## Task prompt
I'd like the entries repeated exactly, pictures omitted.

[Collected data]
== Segment start ==

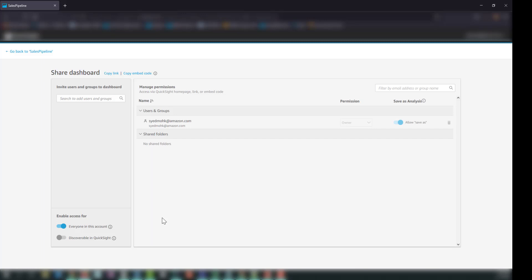This is step one. When you enable this particular setting, you also have the ability to make this dashboard discoverable on QuickSight if you enable the second toggle. If you don't, then everyone will still have access to this dashboard, but they will only be able to access it via the link or the embed code, which is what we are going to look at in detail. This is step one — assigning permissions to the dashboard and defining who can access it.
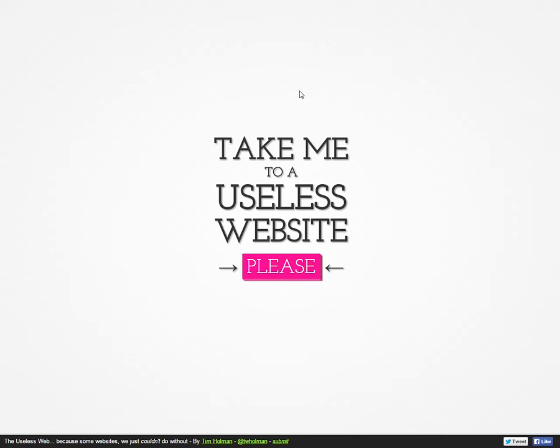Hello people of YouTube, it is me, Ember in the Night, bringing you this week's episode of Useless Website Wednesday.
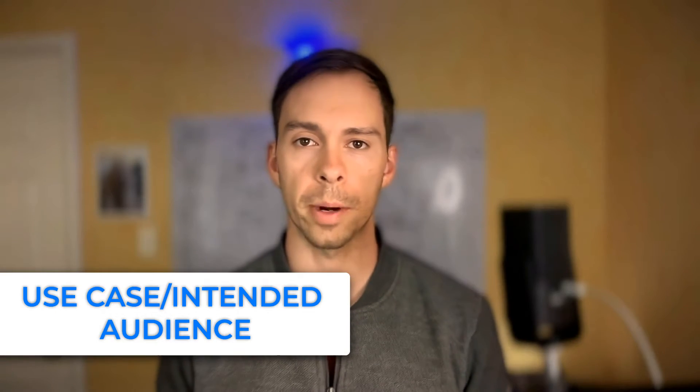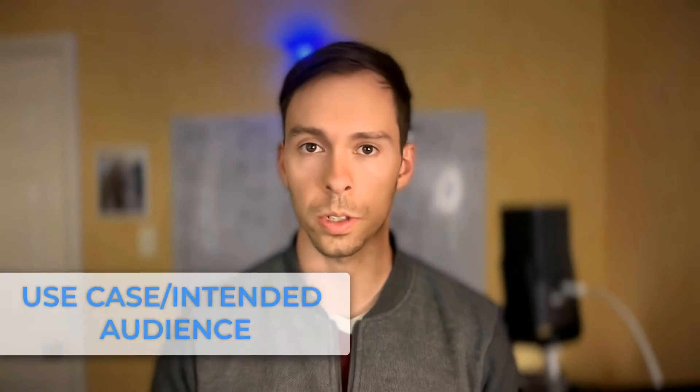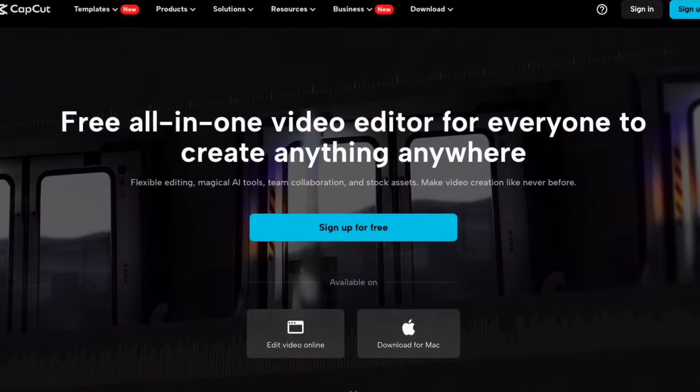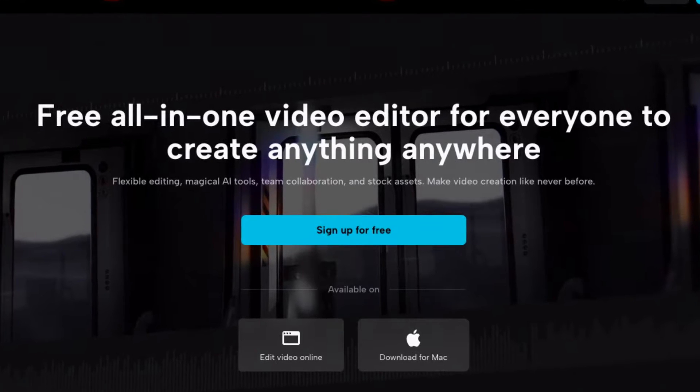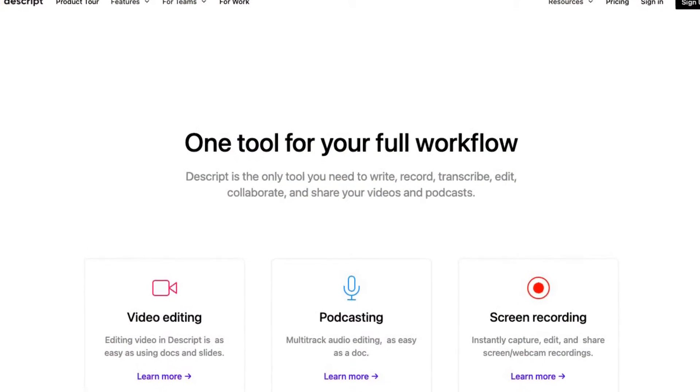You can get started with both CapCut and Descript for free. So if you have the time, it doesn't hurt to try them both and see which one you prefer. Both CapCut and Descript brand themselves as all-in-one tools. CapCut says 'free all-in-one video editor for everyone to create anything, anywhere,' and Descript says 'one tool for your full workflow.' However, I think they have certain project types that they do better for than others.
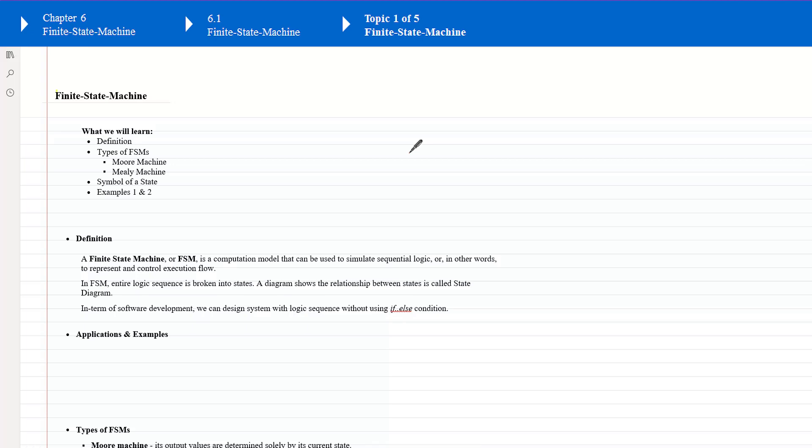In this lesson, we are going to learn the finite state machine, also called FSM. Our lesson begins with its definition, two different types of FSM which include the Moore machine and the Mealy machine, the symbols that represent a single state of either machine, and then I will show you two different examples to reinforce the learning.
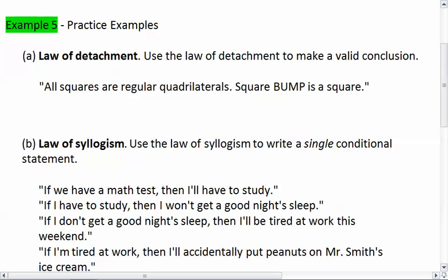Example 5 is some practice examples of both the law of detachment and the law of syllogism. For part A, the law of detachment: use the law of detachment to make a valid conclusion.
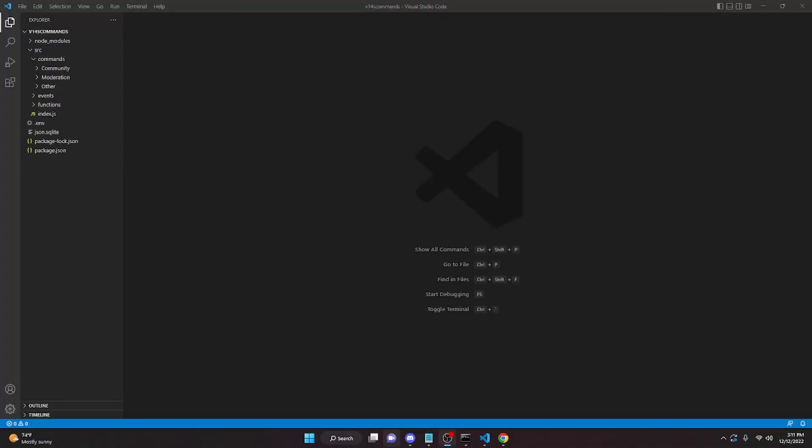This is how you can code an auto-role system for your discord.js version 14 bot. You can either make this multi-guild or single guild. I'm going to start by showing you how to make a set auto-role command for a multi-guild version, and then we'll get into making the actual auto-role.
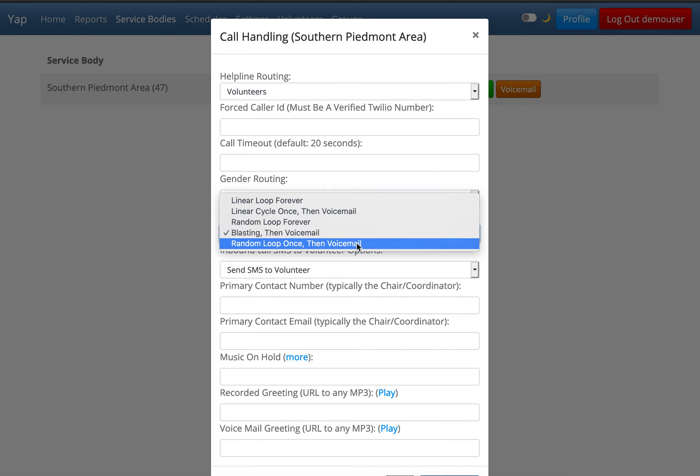Random loop once then voicemail. This is the same as linear cycle once then voicemail, except it tries to connect the caller to volunteers in random order. If no one answers, the caller is sent to voicemail.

== Segment end ==

## Task solution
This is step one. When you enable this particular setting, you also have the ability to make this dashboard discoverable on QuickSight if you enable the second toggle. If you don't, then everyone will still have access to this dashboard, but they will only be able to access it via the link or the embed code, which is what we are going to look at in detail. This is step one — assigning permissions to the dashboard and defining who can access it.
Hello people of YouTube, it is me, Ember in the Night, bringing you this week's episode of Useless Website Wednesday.
You can get started with both CapCut and Descript for free. So if you have the time, it doesn't hurt to try them both and see which one you prefer. Both CapCut and Descript brand themselves as all-in-one tools. CapCut says 'free all-in-one video editor for everyone to create anything, anywhere,' and Descript says 'one tool for your full workflow.' However, I think they have certain project types that they do better for than others.
In this lesson, we are going to learn the finite state machine, also called FSM. Our lesson begins with its definition, two different types of FSM which include the Moore machine and the Mealy machine, the symbols that represent a single state of either machine, and then I will show you two different examples to reinforce the learning.
Example 5 is some practice examples of both the law of detachment and the law of syllogism. For part A, the law of detachment: use the law of detachment to make a valid conclusion.
This is how you can code an auto-role system for your discord.js version 14 bot. You can either make this multi-guild or single guild. I'm going to start by showing you how to make a set auto-role command for a multi-guild version, and then we'll get into making the actual auto-role.
Random loop once then voicemail. This is the same as linear cycle once then voicemail, except it tries to connect the caller to volunteers in random order. If no one answers, the caller is sent to voicemail.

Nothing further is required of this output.